Segment Open
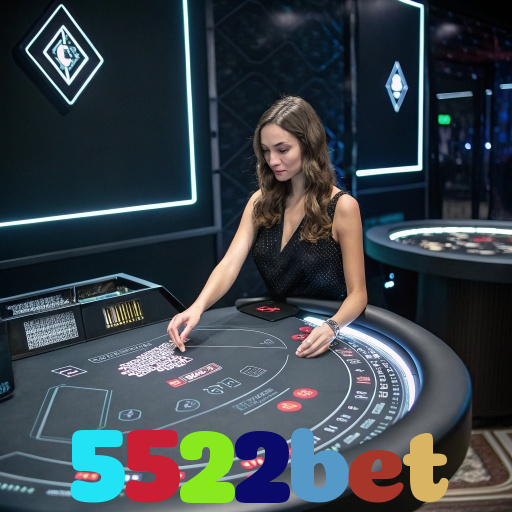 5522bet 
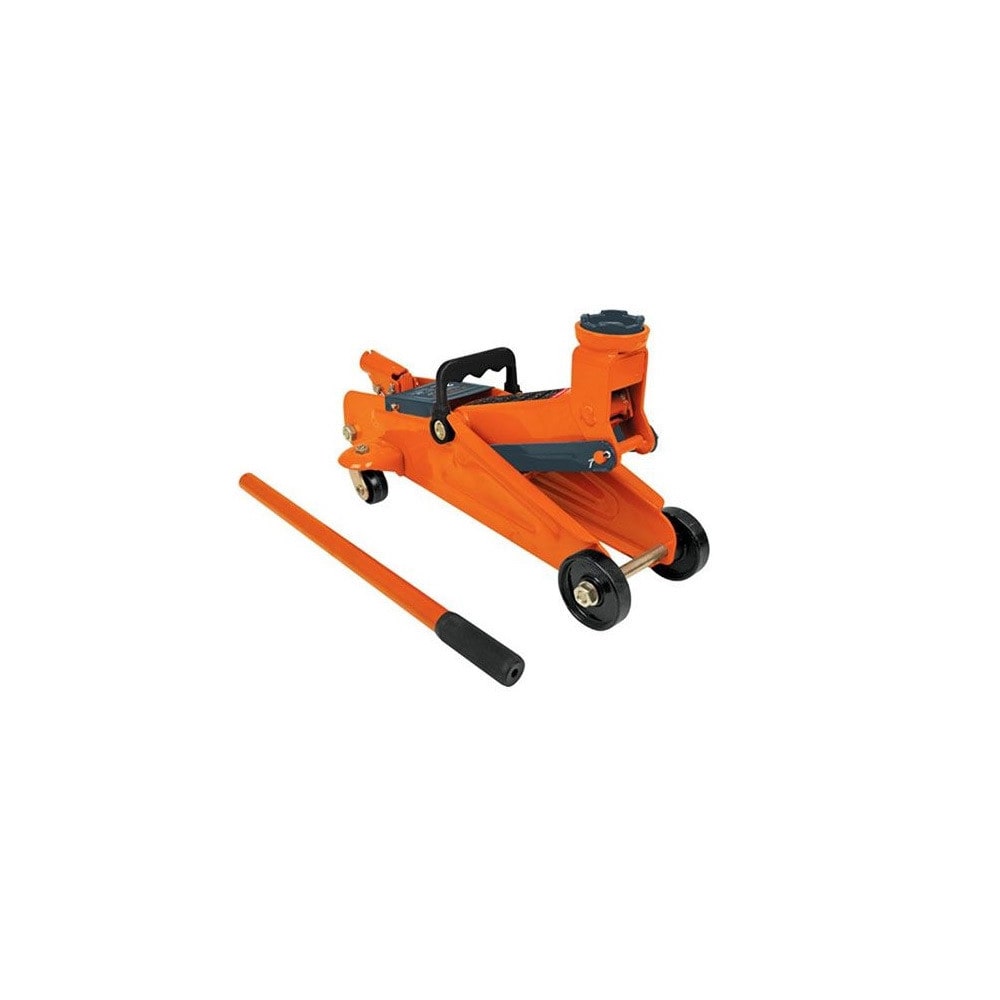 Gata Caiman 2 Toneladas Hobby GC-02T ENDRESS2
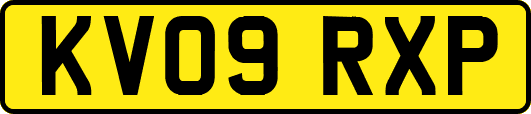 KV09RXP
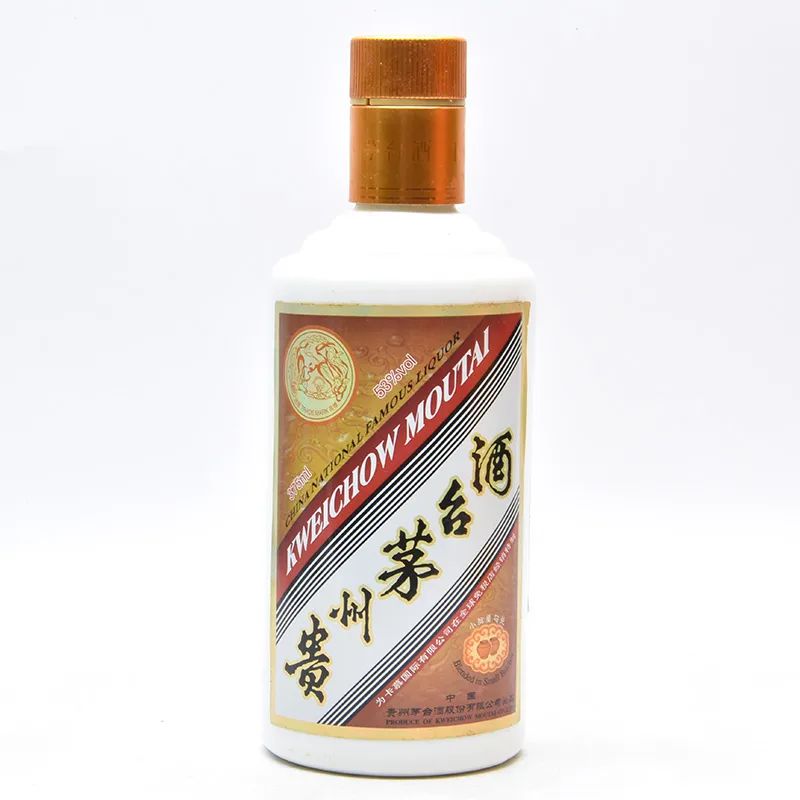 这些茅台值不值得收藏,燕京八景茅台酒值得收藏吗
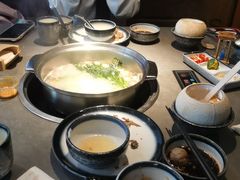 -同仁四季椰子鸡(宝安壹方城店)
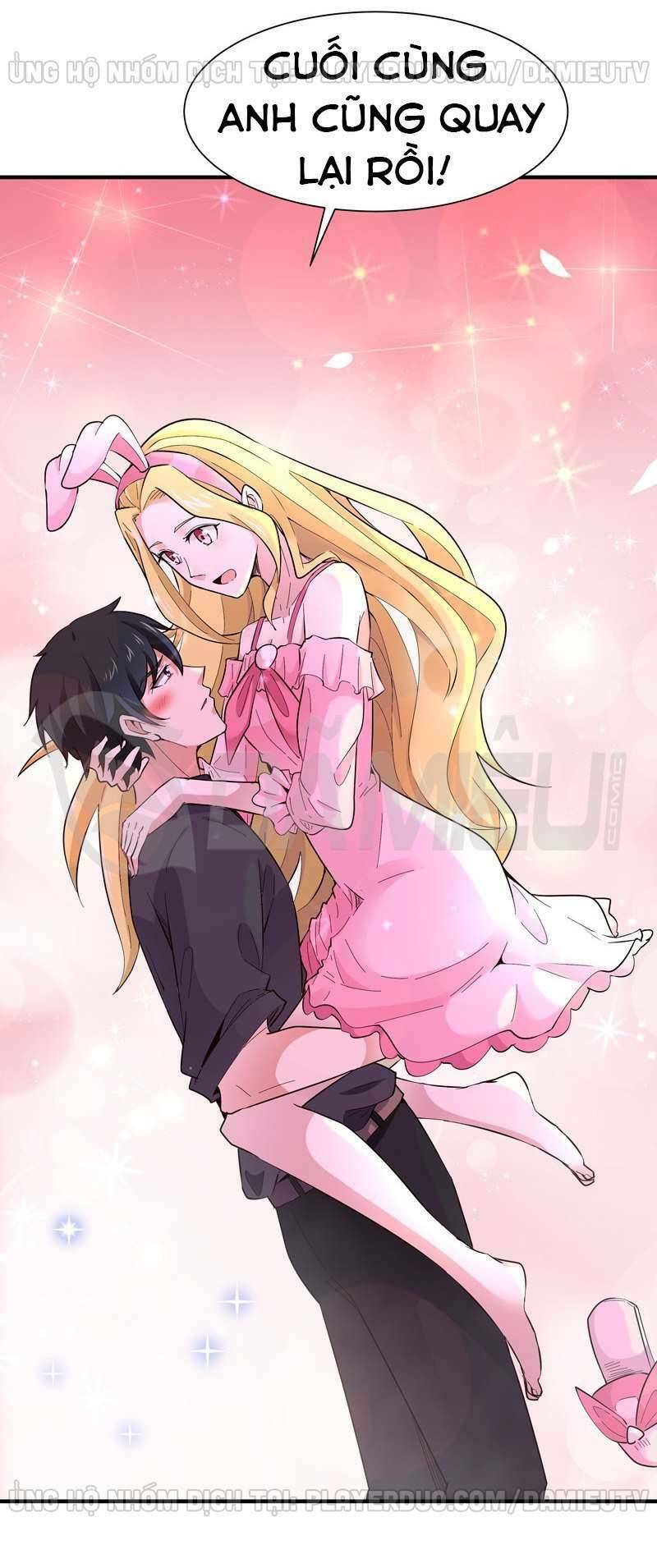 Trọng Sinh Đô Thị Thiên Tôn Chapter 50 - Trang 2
Segment Closed
Segment Open
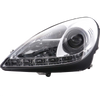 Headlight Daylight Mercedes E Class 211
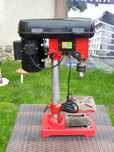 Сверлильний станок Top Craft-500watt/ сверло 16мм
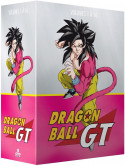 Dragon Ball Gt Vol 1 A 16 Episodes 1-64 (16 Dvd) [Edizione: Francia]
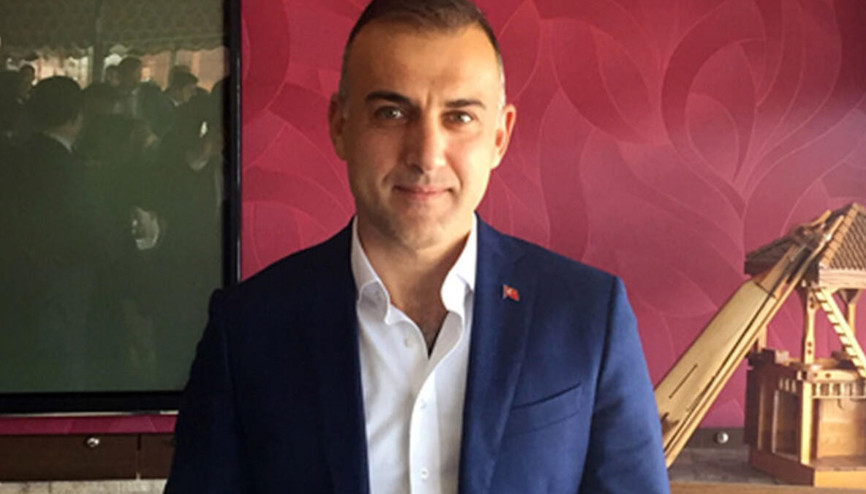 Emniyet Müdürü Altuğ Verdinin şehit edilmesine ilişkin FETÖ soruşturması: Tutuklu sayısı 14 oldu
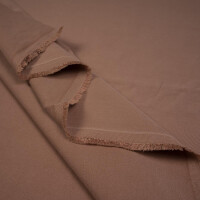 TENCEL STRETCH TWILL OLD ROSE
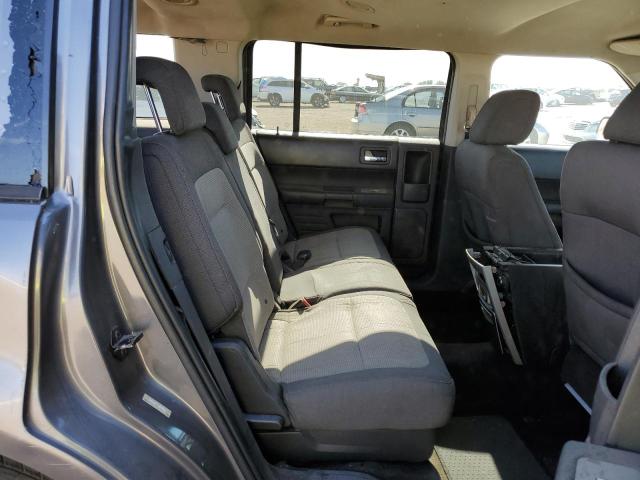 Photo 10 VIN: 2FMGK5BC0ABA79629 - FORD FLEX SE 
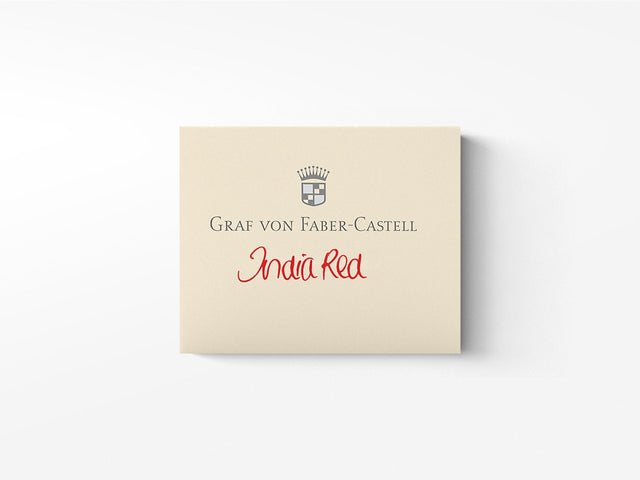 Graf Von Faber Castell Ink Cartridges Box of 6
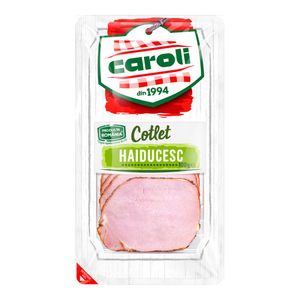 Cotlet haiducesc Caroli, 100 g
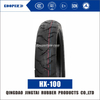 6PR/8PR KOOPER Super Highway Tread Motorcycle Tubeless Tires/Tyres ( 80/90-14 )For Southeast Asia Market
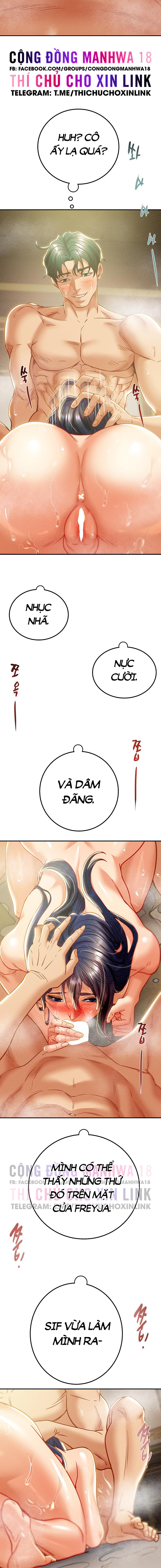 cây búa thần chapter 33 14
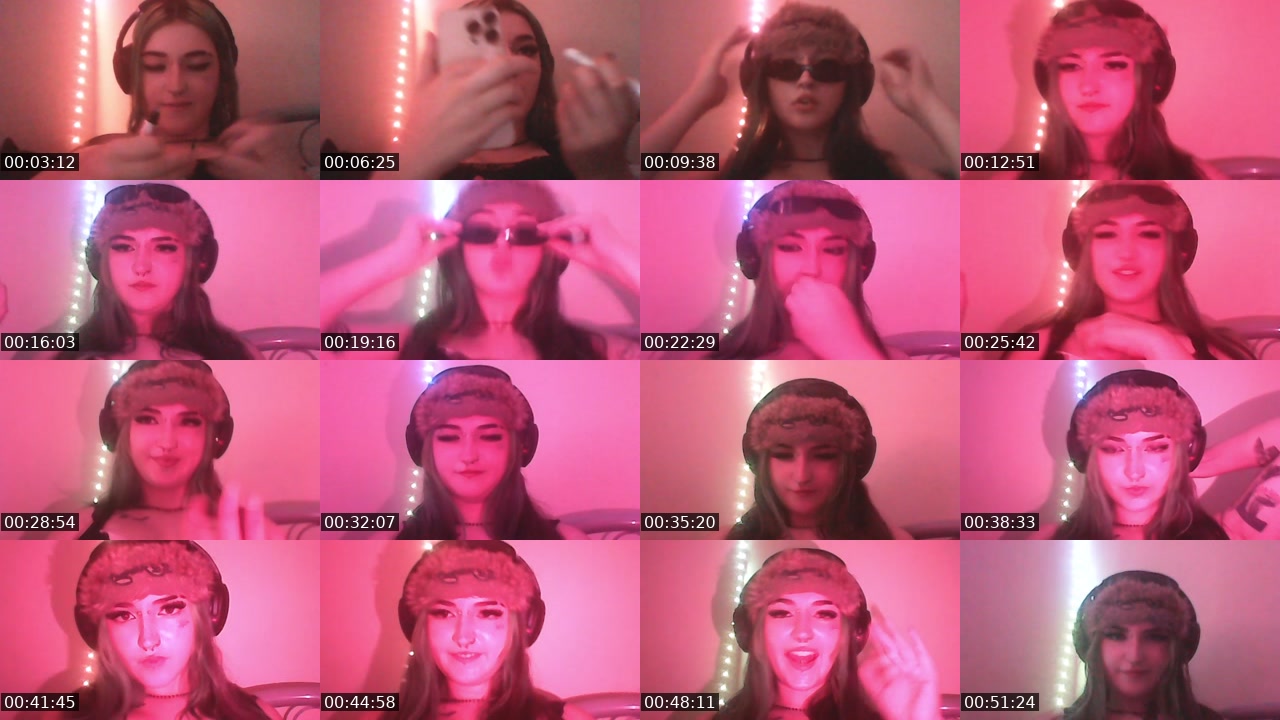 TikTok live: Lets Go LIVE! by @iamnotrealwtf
Segment Closed
**DIRECTIONS:** Nothing except the lines from the one containing "Photo 10 VIN: 2FMGK5BC0ABA79629" through the one containing "TikTok live: Lets Go LIVE! by @iamnotrealwtf" should appear in the answer, exactly as above and without pictures.

**SOLVED PROBLEM:**
 Photo 10 VIN: 2FMGK5BC0ABA79629 - FORD FLEX SE 
 Graf Von Faber Castell Ink Cartridges Box of 6
 Cotlet haiducesc Caroli, 100 g
 6PR/8PR KOOPER Super Highway Tread Motorcycle Tubeless Tires/Tyres ( 80/90-14 )For Southeast Asia Market
 cây búa thần chapter 33 14
 TikTok live: Lets Go LIVE! by @iamnotrealwtf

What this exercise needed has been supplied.